TBC Eastern Cape Birding Trip, 14-29 May 2022

The excited party was all assembled in the dark at Kevin’s house in Durbanville by 6 AM on the Saturday (Helene Thompson, Jacky van Tonder, Peter and Nikki Nupen, Angus and Frances Hemp). We arrived in Graaff Reinet some eight hours and 20 minutes later, having had breakfast, pit and leg-stretch stops after Touw’s River, in Laingsburg and Aberdeen. Sightings along the way included Blue Crane, Rock Kestrel and Greater Kestrel, Black- and White-throated Canary and Pale Chanting Goshawk.
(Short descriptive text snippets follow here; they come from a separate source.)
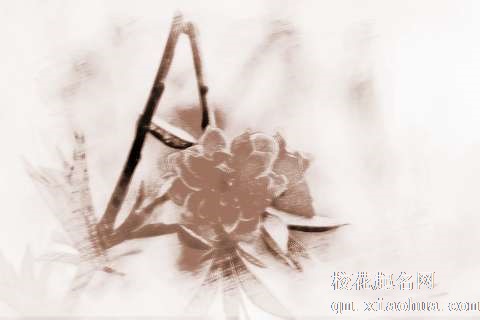 梦见花折了　周公解梦之梦到花折了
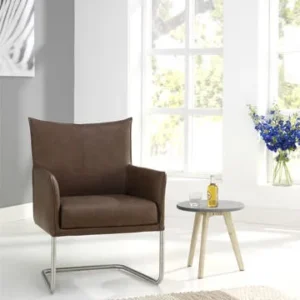 CSW SWING loungefauteuil RVS slede frame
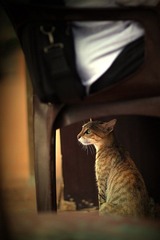 “IMG_8316”为智能对象-1.jpg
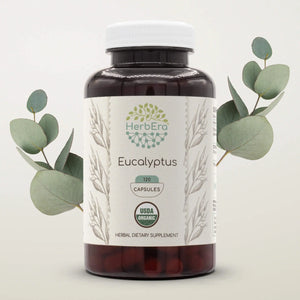 Eucalyptus Capsules herbera Eucalyptus Capsules herbera Capsules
We unloaded rapidly at 4 Rothman Street and went for a late afternoon drive in the Camdeboo National Park, with guide Leonie Fouche. We passed the Nqweba Dam and drove, and then walked, to various viewpoints in the Valley of Desolation and watched the sunset.

Sightings included Pale- and Red-winged Starlings, Streaky-headed Seedeater, White-backed Mousebird and Lanner Falcon. Back at the lodge, hosts Judy and Zorb Caryer had prepared an amazing braai for us.

We were out early next morning (freezing cold, 3-7®!) with Leonie who, being on the committee, could take us to places in Camdeboo not usually open to the public. A Yellow-throated Petronia put on a display in the campsite. A highlight was finding a Namaqua Warbler and the development of a bird party with Common Waxbill, Acacia Pied Barbet, Cape White-eye, Karoo Scrub Robin, Red-billed Firefinch, Red-headed Finch, Acacia Pied Barbet, African Stonechat and Red-billed Quelea, among others. Some of the group also spotted a Gabar Goshawk and juvenile Martial Eagle, while a Spotted Eagle-Owl was seen by all. A drive in the veld produced a Karoo Korhaan and a small party of Double-banded Coursers bobbing in and out of view. There were Ant-eating, Familiar and Stone Chats on display, also Cinnamon-breasted Bunting, Sabota Lark, Wattled and Pied Starling, African Pipit, Neddicky, Southern Grey-headed Sparrow, Brown-hooded Kingfisher, Chestnut-vented Tit-Babbler and African Hoopoe. There were waterbirds on a dam, including Black-necked Grebe, and African Palm Swifts and Rock Martin overhead. Two Pale Chanting Goshawks sat on a flat-topped aloe on the way to the old Winterhoek Homestead, restored by Anton Rupert.  Larger game included black-backed jackal, black wildebeest and red hartebeest.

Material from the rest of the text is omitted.